Tuesday, July 31, 2007

'Action for action' on defusing N Korea's nukes


Kim Myong Chol


'Action for action' on defusing N Korea's nukes
By Kim Myong Chol

(Kim is often called an "unofficial" spokesman of Kim Jong-il and North Korea.)


When the Banco Delta Asia (BDA) fund issue was virtually settled, Kim Jong-il, supreme leader of the Democratic People's Republic of Korea (DPRK), launched a highly choreographed high-profile campaign for two major purposes.
One is to put to rest the myth that the February 13 agreement at the six-party talks in Beijing is an "oil for reactor" package deal and to reinstate its true picture as a 100% political deal involving Washington ending its animosity toward Pyongyang. The other is to put out the word that Kim's administration remains committed to a relentless and faithful pursuit of the principle of word for word and action for action in moving to fulfill Phase 2 of the February 13 agreement, requiring the United States to take specific action in parallel.
The message from Kim Jong-il is unmistakably clear: moving beyond the temporary shutdown of the nuclear facilities is contingent on the administration of US President George W Bush making a strategic decision to take reciprocal steps it pledged under the February 13 agreement. Otherwise, the Americans will still stop short of seeing a full extent of North Korea's nuclear program and permanent disabling of the five nuclear facilities, which will be brought back to life from temporary closure at short notice.
The mandatory US steps include bilateral talks aimed at resolving bilateral issues, moving toward transformation of US relations with North Korea into friendly ones, removing the designation of North Korea as a state sponsor of terrorism, terminating the application of the Trading with the Enemy Act to North Korea, and having Japan normalize relations with North Korea.
A prime example of US hostility toward North Korea is the US-initiated cancellation of the program to supply the country with two 1,000-megawatt light-water reactors.
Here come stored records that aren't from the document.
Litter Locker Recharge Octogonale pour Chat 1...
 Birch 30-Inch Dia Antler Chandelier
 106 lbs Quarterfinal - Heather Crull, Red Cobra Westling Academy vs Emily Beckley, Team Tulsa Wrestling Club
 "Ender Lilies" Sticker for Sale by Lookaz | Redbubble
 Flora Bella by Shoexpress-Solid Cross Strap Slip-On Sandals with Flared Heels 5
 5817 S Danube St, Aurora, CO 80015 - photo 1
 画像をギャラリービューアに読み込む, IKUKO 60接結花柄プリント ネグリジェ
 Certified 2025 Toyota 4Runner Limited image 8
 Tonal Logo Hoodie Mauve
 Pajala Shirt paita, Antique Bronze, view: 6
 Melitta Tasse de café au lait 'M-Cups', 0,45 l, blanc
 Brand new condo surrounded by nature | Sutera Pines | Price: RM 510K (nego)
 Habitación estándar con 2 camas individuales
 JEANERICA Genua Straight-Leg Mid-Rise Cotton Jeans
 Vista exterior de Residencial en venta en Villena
Their operation requires access to civilian nuclear technology and nuclear fuel to be supplied under additional agreements with the US on nuclear energy, subject to the US ending its hostile stance in favor of a peaceful co-existence.
Fulfilling these obligations should be a joke and cost the Bush administration little political and economic capital as compared with astronomical costs of the Iraq war. The Bush administration, already a lame duck and miserably humbled by the poorly armed Iraqi insurgents lacking any air force and heavy arms, must make a vital choice between the two options before it is too late: one is only to settle for temporary closure of the North Korean nuclear sites and the other is to record a dramatic legacy achievement that will likely more than offset the Iraq mess. Bush might as well learn from the playbook of the late president Richard Nixon, who wrote history by having his landmark visit to Beijing steal the spotlight from the US defeat in Vietnam.
An opening salvo was simultaneously fired in Pyongyang and Kuala Lumpur early last month when An Song-nam, executive director of North Korea's Institute of Disarmament and Peace, a think-tank for the DPRK Foreign Ministry, addressed the annual Asia-Pacific Roundtable there. Citing the last instruction of the late president Kim Il-sung to transform the Korean Peninsula into a nuclear-weapons-free zone, An reiterated the commitment of the Kim Jong-il administration to forgo a nuclear arsenal once sufficient mutual trust and confidence are fostered between Pyongyang and Washington after normalized relations and a peace treaty between the two enemies. While stressing the governing principle of "action for action", he presented a list of US must-dos if the Korean Peninsula is to be denuclearized, including an end to the policy of hostility to Pyongyang, cessation of military games in and around Korea, lifting sanctions, and replacement of the precarious Korean War ceasefire accord with a peace treaty.
Follow-on salvos came one after another. The long-delayed resolution of the BDA issue over the unwarranted US freeze of US$25 million of North Korean funds prompted its Foreign Ministry spokesman to define it as in accordance with the principle of "action for action" and reiterate its commitment to the principle of moving to Phase 2 of the February 13 Agreement.
A third salvo was fired in Britain on July 2-3 when North Korea's former deputy ambassador to the United Nations in New York, Han Song-ryol, spoke before an audience of scholars, diplomats and journalists at Cambridge University. He stressed that if the Korean Peninsula is to be denuclearized, it is crucial for the US to end its hostility toward North Korea, remove it from the list of states that allegedly sponsor terrorism, withdraw its troops from South Korea, eliminate the nuclear threat from Korea and its neighboring area including Japan, and create a peaceful environment for cooperation and development.
The powerful Korean People's Army (KPA) joined the blitzkrieg public-relations campaign on July 13, two days before the International Atomic Energy Agency verified the shutdown of the operating graphite-moderated reactor in North Korea that churned out weapons-grade fuel like hotcakes. Its representative in Panmunjom proposed direct talks with the US-led UN forces, to be held at any time at a mutually acceptable venue in the presence of a UN representative. Offering to discuss matters - a peace treaty - related to peace and security on the peninsula, the KPA warned that with a precarious ceasefire accord representing a serious threat to peace and security, additional pressure on North Korea, massive arms buildup and major war games carry every risk of torpedoing the February agreement and the six-party talks and driving its legitimate effort to upgrade the relevant deterrence against preemptive strikes from the US.
The following day, July 14, another key demand came from Pyongyang that the US prove in a verifiable manner for all to understand that its forces do not keep any nuclear weapons in South Korea and have no intention to attack the North, as spelled out in the September 19, 2005, six-party statement. This move by the Korean National Peace Committee is indicative of a future North Korean demand to be met before denuclearization of the Korean Peninsula, including South Korea, is complete.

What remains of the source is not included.